The frantic braying of the dogs when they treed a gopher, and the sharp crack of Mr. Pearson’s .22 that spun his fat body off the branch and to the ground with a dull thud. The disappointed dogs dragged their tongues back up to the porch, where they lay on the cool stone patio snapping at the horseflies.
“You ain't got a gun?” Mr. Pearson asked, scratching the scalp under his Massey Ferguson baseball cap. “This ain't like the city, now. Y’all need to have a gun.”
Also from Mr. Pearson, “You ain't need be ‘fraid of no niggers. They ain't no more harm than old Shep here,” he said roughing the ears of his grey-eyed and arthritic hound. “I can tell her, Now you go on up to the house and sit on the porch and I’ll be along shortly, and she do just that.” But that’s an aside.
The tangled mass of squirming babies that spilled from the guts of the bloated black rat snake when Joe McCormick ran over her with his tractor.
The smooth cove where the two huge trunks of the live oak tree came together that seemed perfectly sculpted to cradle the body of a young boy seeking shelter from a troubled life.
The frantic, slimy tadpoles held between cupped hands in the shallows. The impossibly quick backwards escape when the crayfish saw the shadows of your hands hovering overhead.
Skulls of possums and rats in the dusty crawlspace under the abandoned house. Tracks of deer, red fox, bobcat, coon and possum crisscrossing soft mud or fresh snow. Following deer tracks to the stands of spicebush, where would flock clouds of metallic blue swallowtails. The deer would chew the bush to its nubs, the fat, bright green caterpillars like sweet bits of fruit.
The shards of busted out window glass under my pale thighs when I slid across the seat of the old sky blue pickup truck that sat abandoned, tires rotted flat, sunk to the axles in the McCormick’s back field, cows the size of elephants stretching through the vacant window and rubbing me with their snot and slobber. I couldn't understand how they could let flies walk on their eyeballs. Mud daubers with their stingers stretched out behind buzzing against the windshield.

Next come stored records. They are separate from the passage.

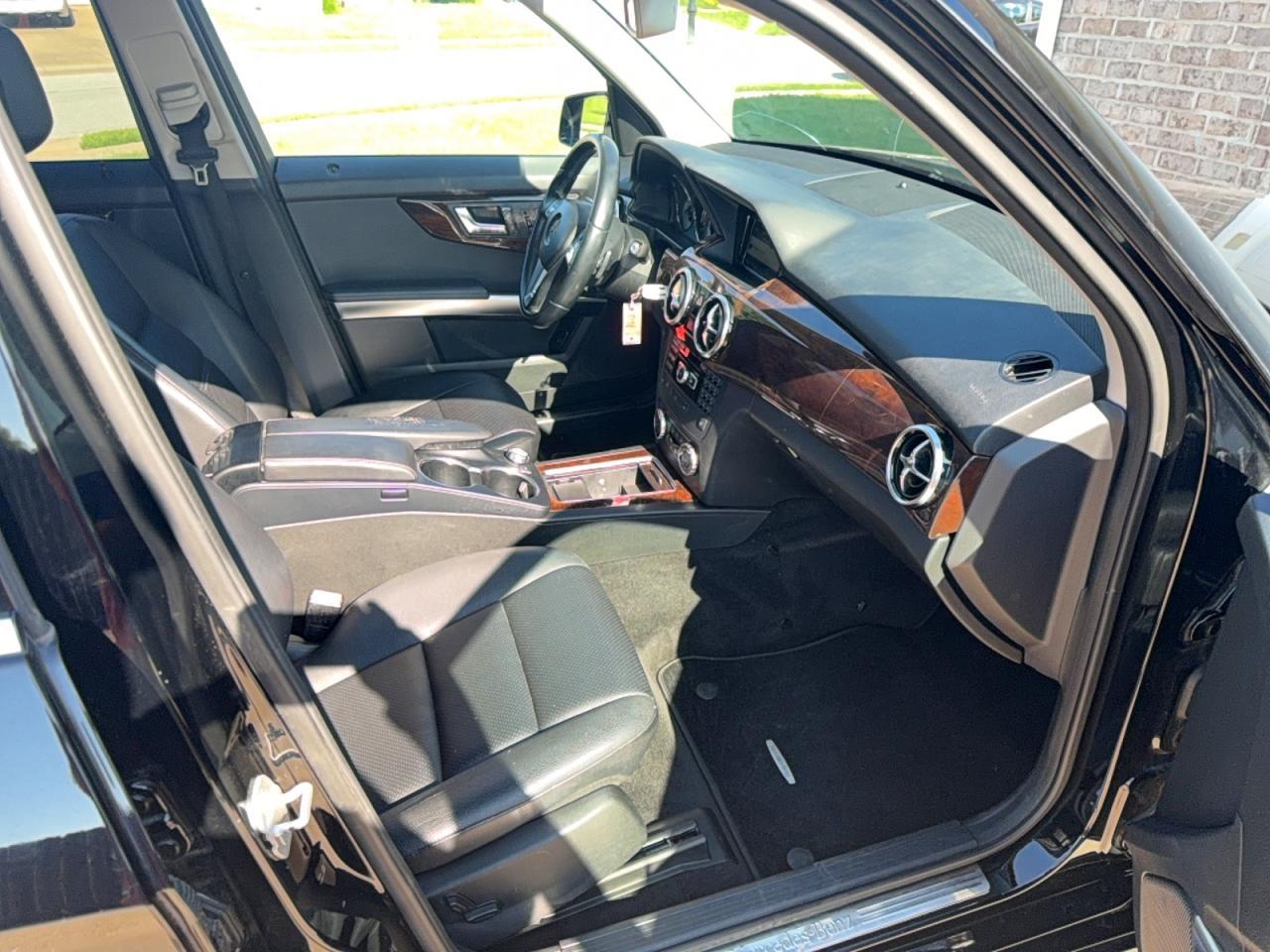 2014 MERCEDES-BENZ GLK-CLASS — фото 5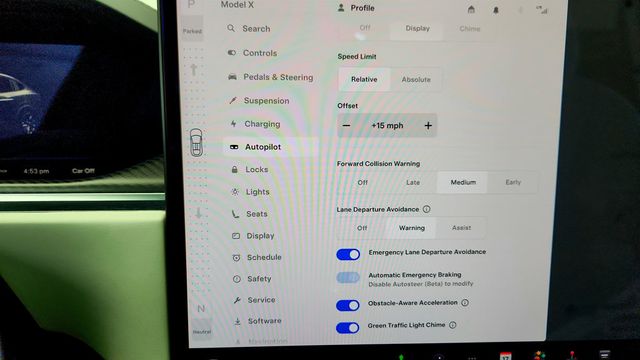 2022 Tesla Model X Plaid AWD - 22999639 - 21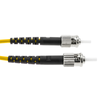 Bematik - Cable De Fibra Óptica St/pc A St/pc Monomodo Duplex 9/125 De 50m Os2 Fi07100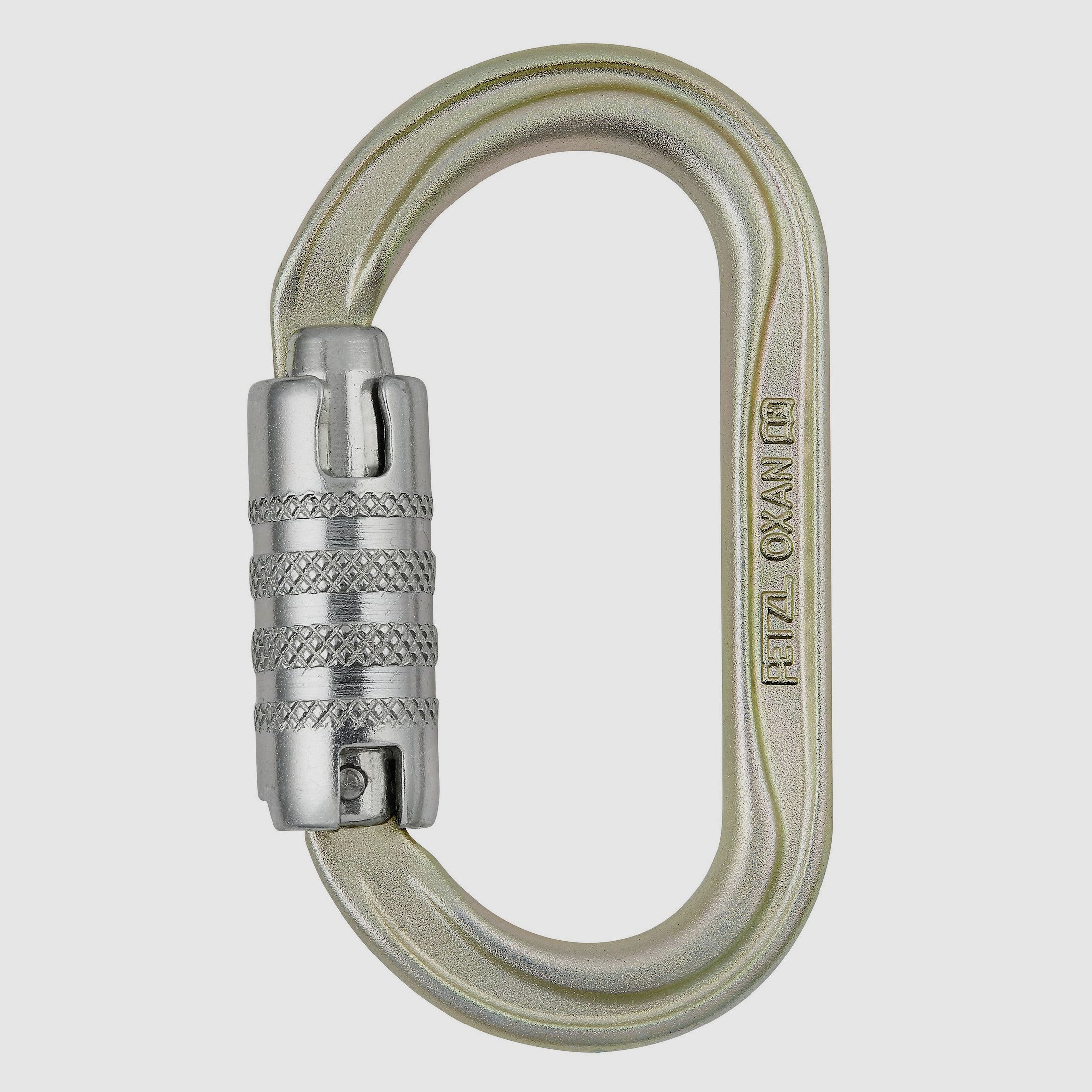 Petzl Carabiner Oxan Triact-Lock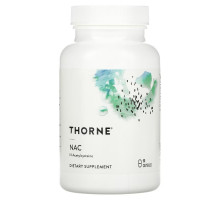 Thorne Research Cysteplus 90 Veggie Caps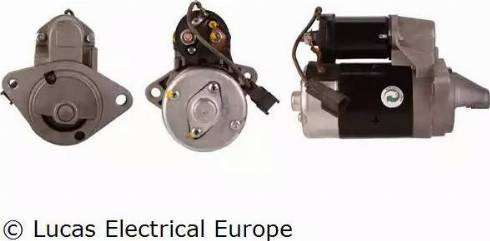 Lucas Electrical LRS00704 - Başlanğıc furqanavto.az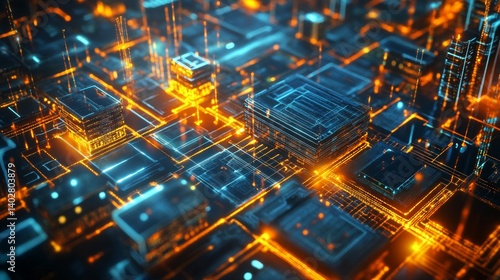 Wallpaper Mural How do electrical engineers design power grids for maximum efficiency? Torontodigital.ca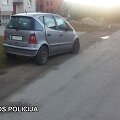 Eismo įvykyje dalyvavęs &bdquo;Mercedes-Benz&ldquo;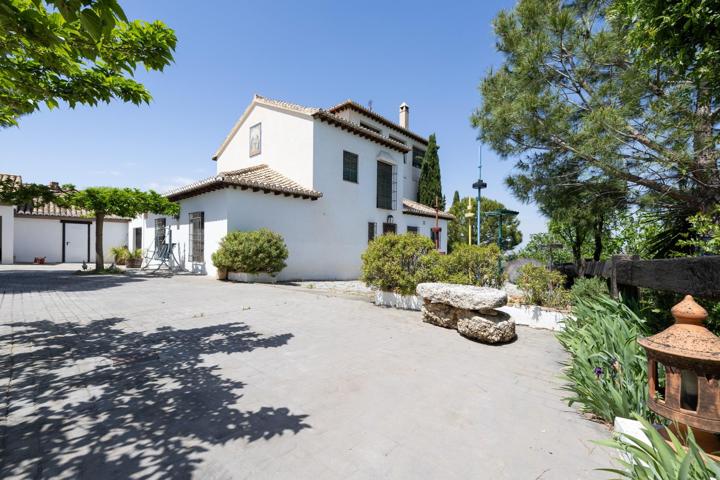 Espectacular villa en Otura photo 0
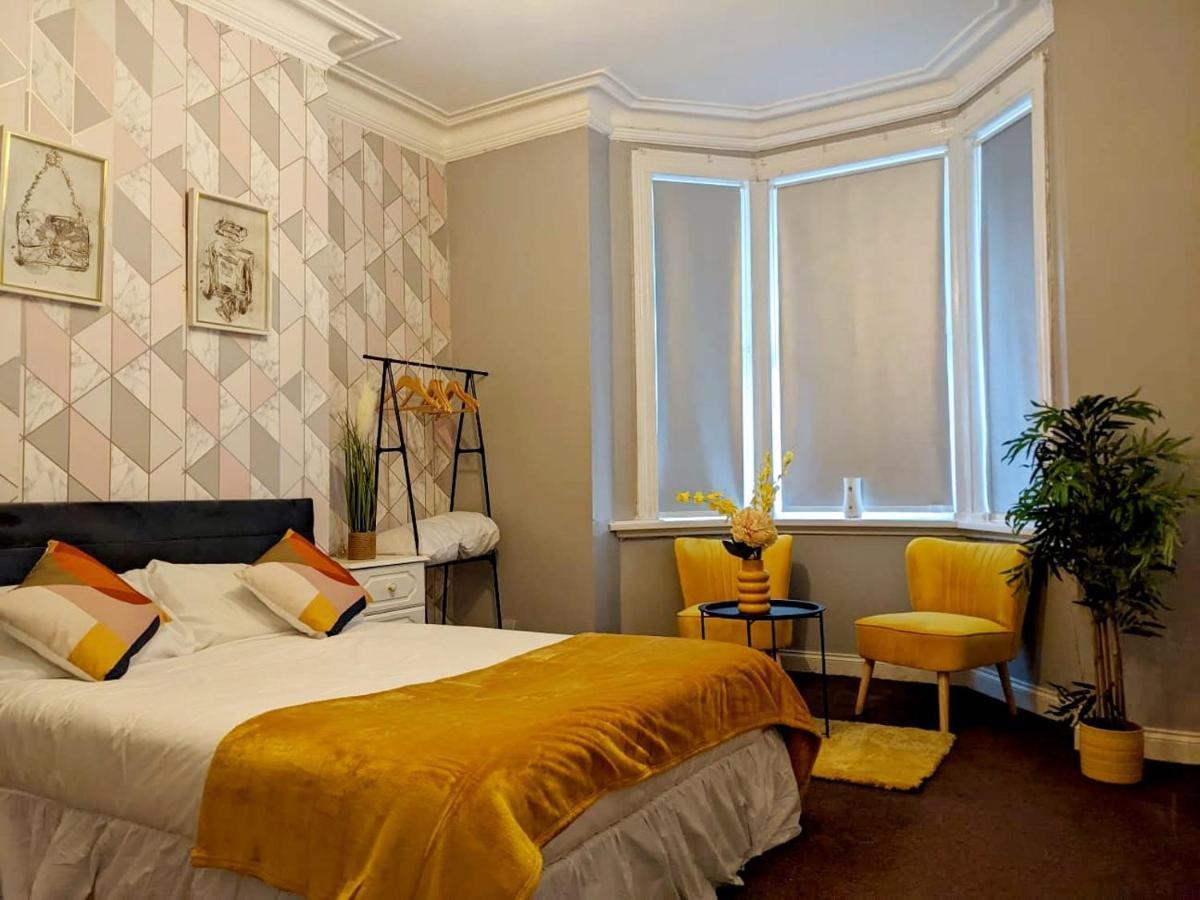 Cityhost Apartments - Gateshead 115 外观 照片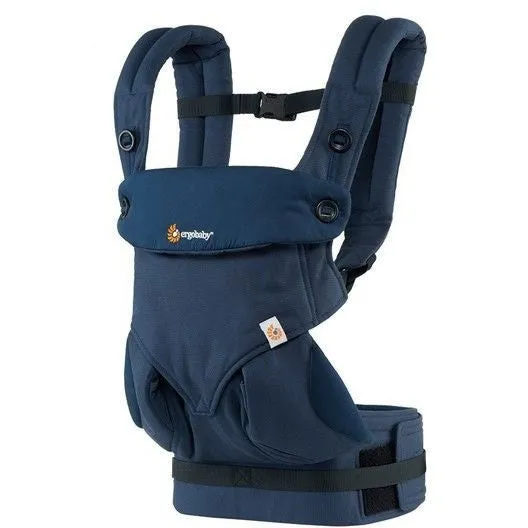 Ergobaby 360 Carrier - Midnight Blue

Spending a summer week building a dam in Aldie Creek, and then finding that the beavers built a better one overnight.
The exuberant acrobatics of the swallows at dusk. Spastic bats flopping around, shadows against the blue black night sky. The glorious luminous yellow and green Luna Moth pressed flat against the stone wall by the back light at “damn near midnight”, so said the grown-ups.
Translucent egg sacs under the branches of the fir trees.
Salamanders exploring the foreign territory of my hands and finding nothing leaping back into the creek.
Ant colonies like huge, moth-eaten quilts of sand and twigs spread out in the prickly hot sun.
Conical mounds of clay, miniature volcanoes spewing lava of nervous fiery red ants. If you stood still to watch, they would leave burning welts up your calves.
Waking up from dozing in the soft, damp weeds where the creek snuck under the barbed wire fence into the Alexander’s farm, chiggers chewing holes in my crotch and pits.
Churning bramble, bright with tiny flowers or drooping with dark fruit. Harvested berries with pricks of blood, honorable wounds for a heavily seeded pie. Digging sassafras root for its sweet summer brew, wild asparagus from the dry ditch along Aldie Dam Road.
Civil war battlefields of fat poke berries, who would spill their bright crimson blood into the sandy clay when sticks and pebbles flew.
Clusters of monarch butterflies battling for the pink milkweed flowers.
Oily rotting seed husks around the base of the black walnut trees that would make tomato plants wither and die.
I'm old now. The trails are paved. I stroll along, hands clean, remembering how it used to be.